[Assignment] Return every entry below word for word and leave out any picture.

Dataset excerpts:
####

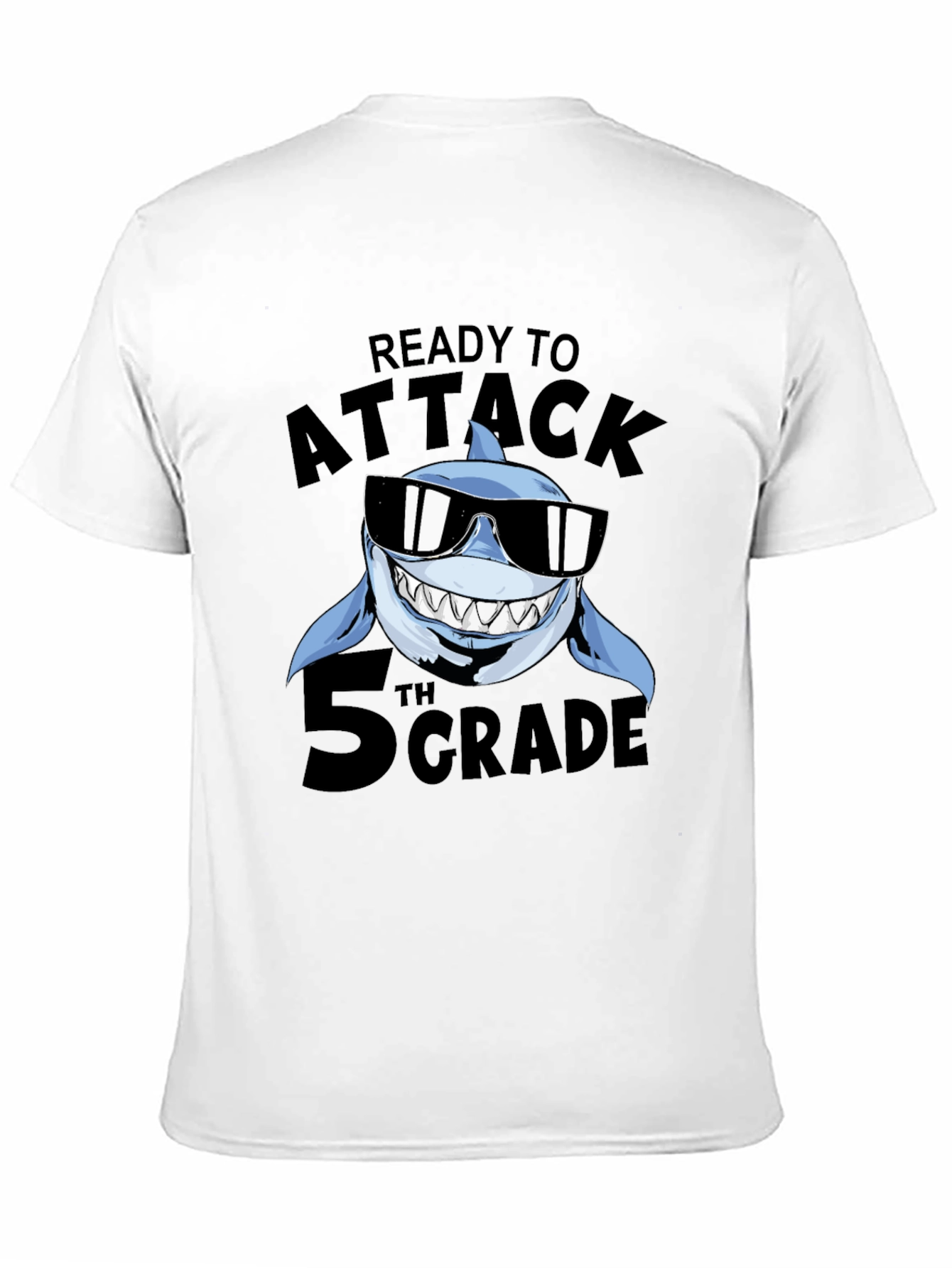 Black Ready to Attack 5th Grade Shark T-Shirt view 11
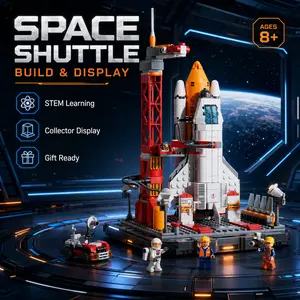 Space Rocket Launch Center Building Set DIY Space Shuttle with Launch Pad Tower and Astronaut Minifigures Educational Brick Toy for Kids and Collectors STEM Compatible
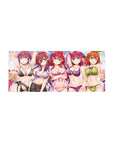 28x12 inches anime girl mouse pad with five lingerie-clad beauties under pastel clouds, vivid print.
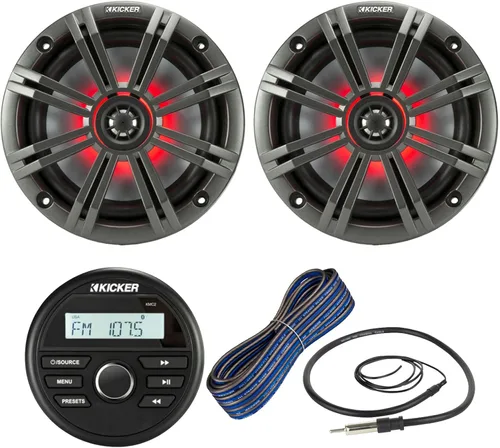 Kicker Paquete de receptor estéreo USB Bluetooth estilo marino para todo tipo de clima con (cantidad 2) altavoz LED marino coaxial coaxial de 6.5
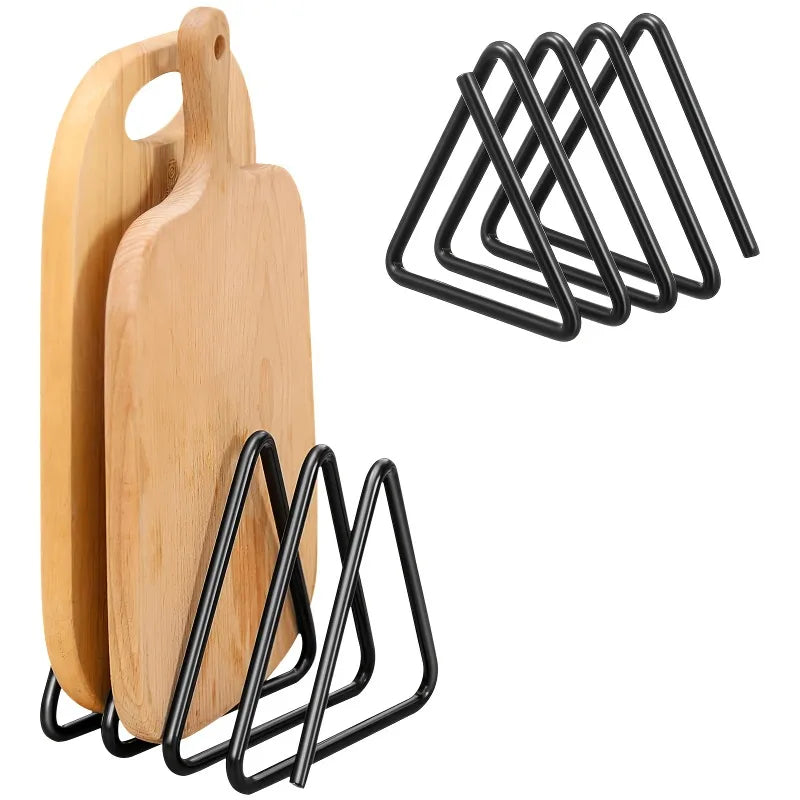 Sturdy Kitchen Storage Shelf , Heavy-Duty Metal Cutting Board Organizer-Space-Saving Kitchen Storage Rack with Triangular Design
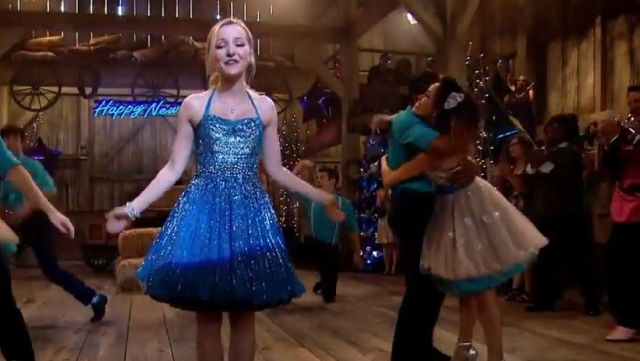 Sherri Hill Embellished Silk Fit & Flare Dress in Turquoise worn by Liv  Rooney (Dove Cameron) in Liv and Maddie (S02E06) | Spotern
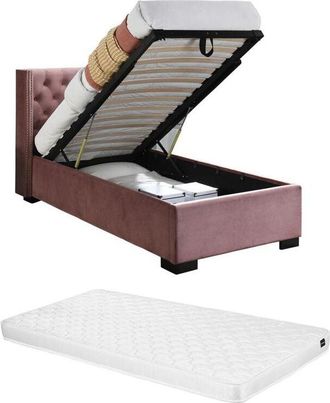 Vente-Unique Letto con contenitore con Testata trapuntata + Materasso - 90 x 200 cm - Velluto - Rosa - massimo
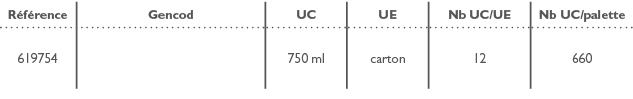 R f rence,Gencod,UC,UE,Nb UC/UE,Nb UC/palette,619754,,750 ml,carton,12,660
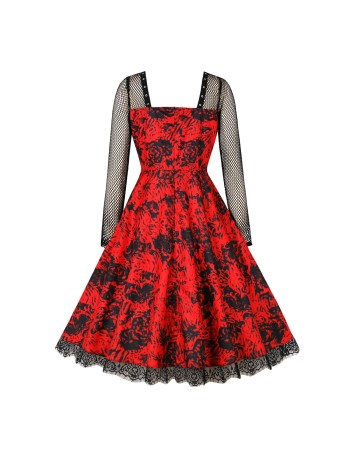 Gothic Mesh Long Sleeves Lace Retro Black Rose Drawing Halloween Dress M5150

####

[Response for this exercise]
 Black Ready to Attack 5th Grade Shark T-Shirt view 11
 Space Rocket Launch Center Building Set DIY Space Shuttle with Launch Pad Tower and Astronaut Minifigures Educational Brick Toy for Kids and Collectors STEM Compatible
 28x12 inches anime girl mouse pad with five lingerie-clad beauties under pastel clouds, vivid print.
 Kicker Paquete de receptor estéreo USB Bluetooth estilo marino para todo tipo de clima con (cantidad 2) altavoz LED marino coaxial coaxial de 6.5
 Sturdy Kitchen Storage Shelf , Heavy-Duty Metal Cutting Board Organizer-Space-Saving Kitchen Storage Rack with Triangular Design
 Sherri Hill Embellished Silk Fit & Flare Dress in Turquoise worn by Liv  Rooney (Dove Cameron) in Liv and Maddie (S02E06) | Spotern
 Vente-Unique Letto con contenitore con Testata trapuntata + Materasso - 90 x 200 cm - Velluto - Rosa - massimo
 R f rence,Gencod,UC,UE,Nb UC/UE,Nb UC/palette,619754,,750 ml,carton,12,660
 Gothic Mesh Long Sleeves Lace Retro Black Rose Drawing Halloween Dress M5150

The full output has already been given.